Don’t give in to despair – Britons still have reason to be hopeful

Mum pushing pram in front of closed businesses.
‘We can acknowledge our country’s shortcomings, take the hard decisions, and move on to a better future.’ Photograph: Maureen McLean/Rex/Shutterstock

John Harris must have been reading my mind (Britain is used to crises now. But this widespread hopelessness is new – and frightening, 25 June). I (and probably many others) have come to a similar conclusion. There is just too much going on that negatively affects a big tranche of households across the country. How can we thrive and grow as individuals and communities when our external environment continuously threatens our livelihoods and lifestyles?

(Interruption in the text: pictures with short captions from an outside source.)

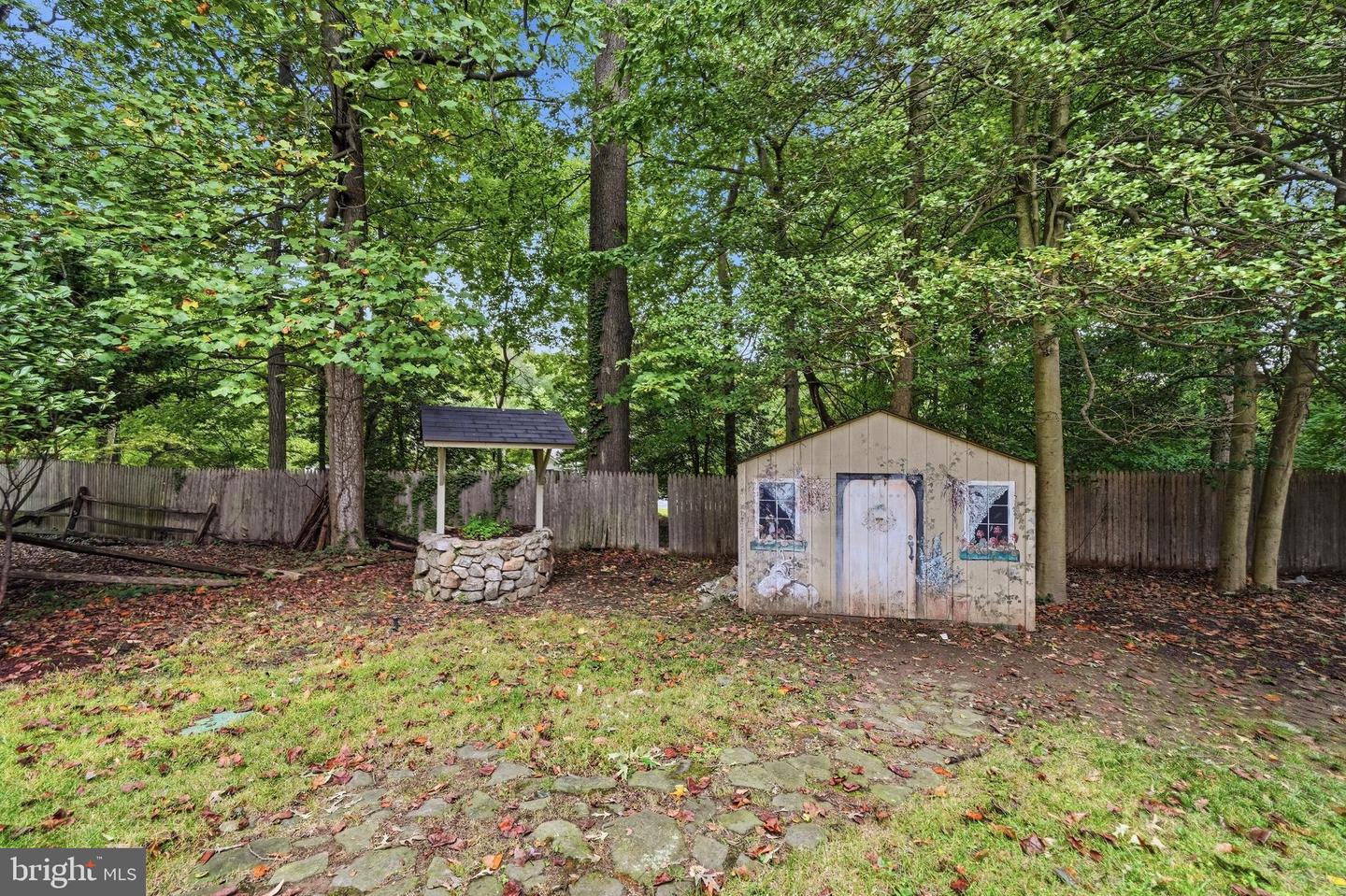 10601 Sweetbriar Pkwy Property Photo 46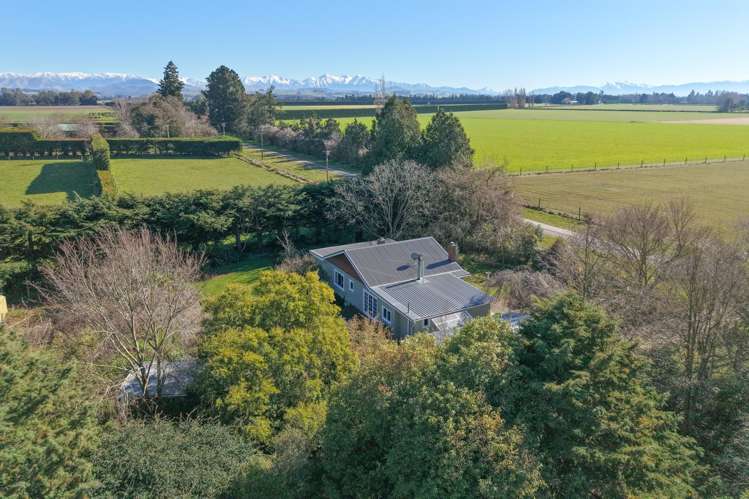 299 Elmhurst Road Darfield_26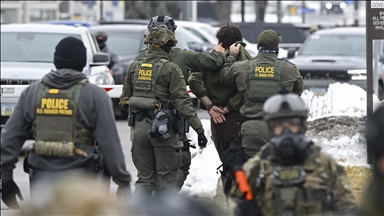 US governor calls for state officials to be brought back into investigation of fatal ICE shooting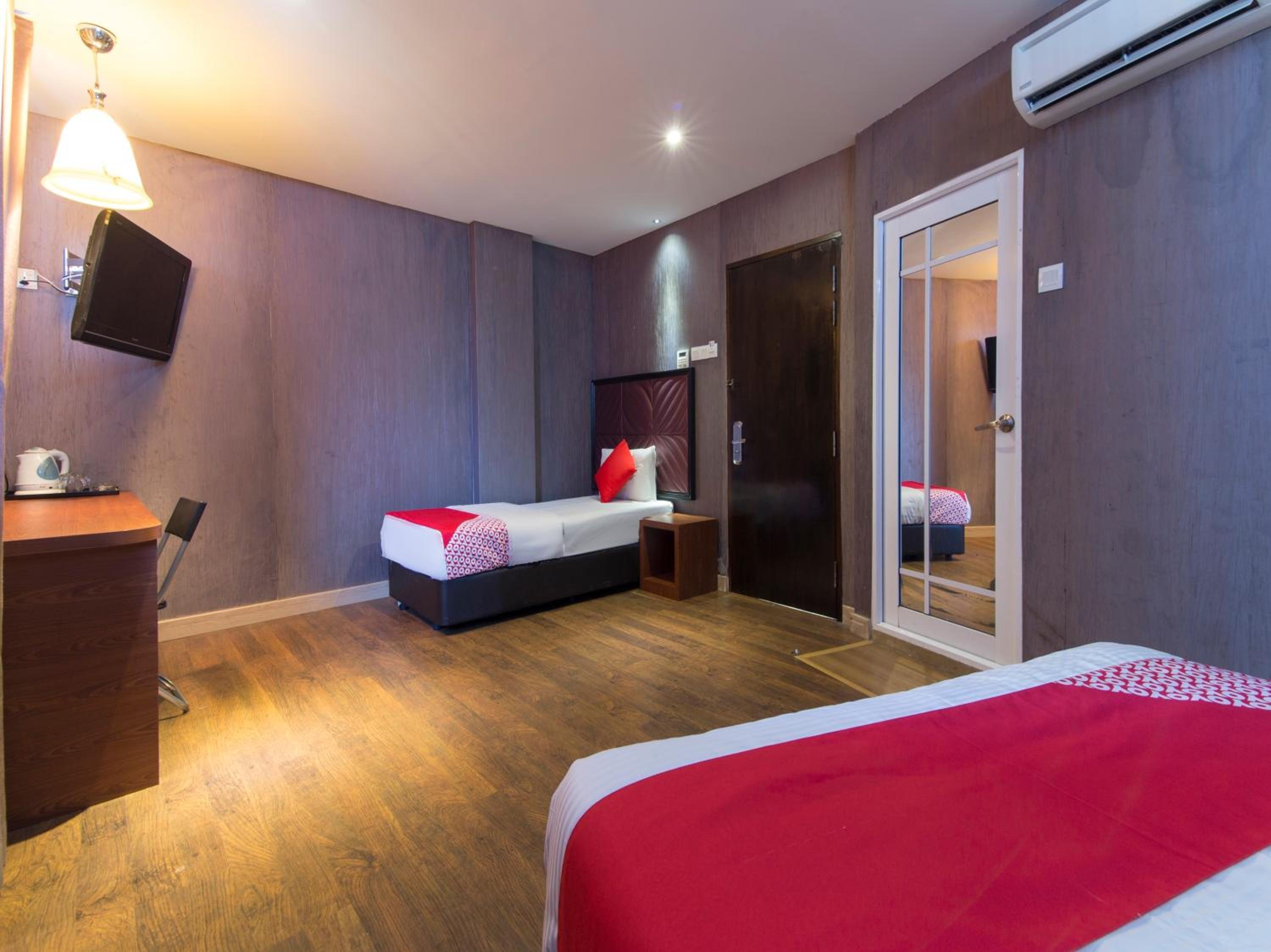 Deluxe Triple Room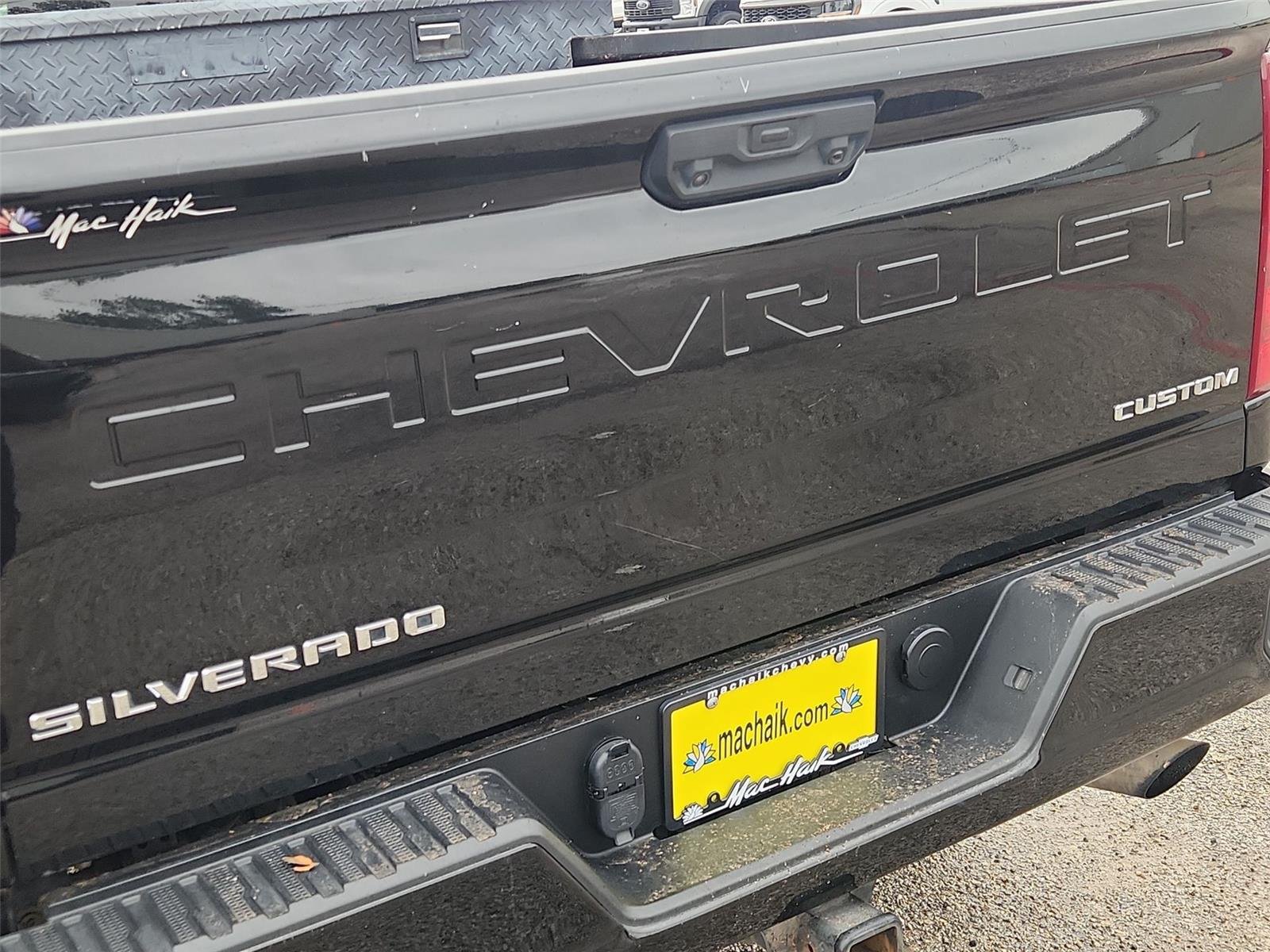 Used 2022 Chevrolet Silverado 2500 Custom w/ Custom Convenience Package AWD/4WD image 28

Failing businesses often enter an irreversible and self-reinforcing downward spiral. Things are bad, this causes worker attitudes or finances to deteriorate, and the result is that things get worse still – and down we go. Until we hit rock bottom and are forced to face our reality. Perhaps countries do the same too. At that point we have to confront what is wrong in society, but never had the courage or opportunity to embrace. Vested interests and sacred cows are laid bare, and we can rebuild, focused on what is genuinely important. The inanities of culture wars and other superficial diversions will become clear for all to see.

The timeline to such an implosion depends on our ability to survive the ongoing “death by a thousand cuts”. The last few years have pretty much eroded our ability to be accommodative – as illustrated by the intensity of strikes across whole swathes of sectors over the last year. On a positive note, let’s hope the end comes speedily so that we can acknowledge our country’s shortcomings, take the hard decisions, and move on to a better future.
Bill Kingdom
Oxford

• John Harris reports on people being confused and hopeless about the state of public and political life, but your correspondent Nick Moss (Letters, 25 June) makes a crucial point on conspiracy theories and those who control society: most of what they do, they do in plain sight. We just need to expose what they do ordinarily and what’s wrong with it.

Their main control mechanism is the everyday observable system of economic relationships, meaning business, markets and work – “the business system” – and atomised political relationships that keep people at a distance from countering its inadequacies as a way of running society. Tories defend the business system, other parties defer to it.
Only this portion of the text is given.